# 50.002 Computational Structures

INFORMATION SYSTEMS TECHNOLOGY AND DESIGN

# Cache Issues

### 1 Basic Caching Algorithm

Figure 1 illustrates the basic caching algorithm. We can READ or WRITE to the cache, and it will access the memory on WRITE or when READ command has a cache miss (HIT = 0). k is the row index of the cache, which is the full address for FA caches, or the lower k bits for DM caches. The write strategy assumed here is **write-through**. Refer to Section 9 for the complete caching algorithm.



Figure 1

# 2 Cache Design Issues

The access to the main memory is the bottleneck for performance. Cache is used to reduce the frequency of access to the main memory whenever possible.
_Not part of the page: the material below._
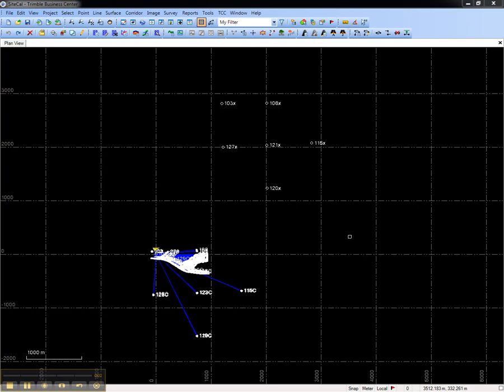This video shows how to perform a GNSS site calibration in Trimble Business Center. The purpose of a GNSS site calibration is to make a GNSS survey match local control values such as those laid out with the total station.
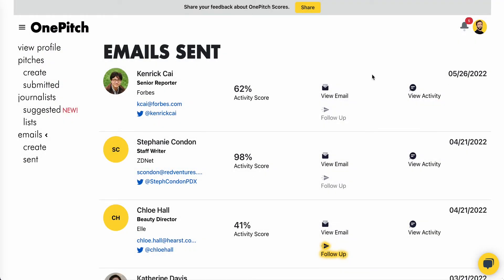On this page, you can also send follow-ups to the original email that you've sent to the journalist 48 hours after you've sent that original email.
There are several design issues for cache:

1. Associativity: how many different addresses can be stored in the cache. For DM cache,  $2^k$  is set to be the size of the cache (total number of cache lines). A 1-to-1 mapping between each combination of the last k bit to the cache line is required.



- 2. Replacement strategy
- 3. Block size
- 4. Write strategy: when to write from cache to memory

### 3 Pros and Cons of FA and DM Caches

|             | FA Cache                          | DM Cache                          |
|-------------|-----------------------------------|-----------------------------------|
| Tag Content | All address bits                  | Higher t address bits             |
| Tag Index   | None                              | Lower k address bits              |
| Cache Size  | Any                               | $2^k$                             |
| Data        | Mem[A]                            | Mem[A]                            |
| Performance | The gold standard on how well a   | Performs slower than FA cache     |
|             | cache should perform              | on average                        |
| Contention  | Does not have address con-        | Has address contention. The       |
|             | tention. Address-data can fit on  | probability of contention is in-  |
|             | any cache line.                   | versely proportional to cache     |
|             |                                   | size.                             |
| Cost        | Expensive, many boolean cir-      | Cheap, only one comparator in a   |
|             | cuits for comparators             | cache                             |
| Replacement | Yes: LRU, FIFO, Random            | No                                |
| Strategy    |                                   |                                   |
| Mapping     | No mapping                        | Lower k-bits for tag index, upper |
|             |                                   | t-bits for tag content            |
| Application | Good when cache size is small,    | Bad when cache size is small      |
|             | less important when cache size is | (more contention), good when      |
|             | large                             | cache size is large               |

Table 1



# 4 N-way set associative cache

## 4.1 Purpose

Finding the balance point:

- 1. Although DM cache is cheap, it suffers from contention problem.
- 2. Contention mostly occurs within a certain block of addresses (called independent hot-spots)
- 3. This is due to locality of reference in each of different address range.
- 4. Hence, some associativity (and not full associativity) is needed.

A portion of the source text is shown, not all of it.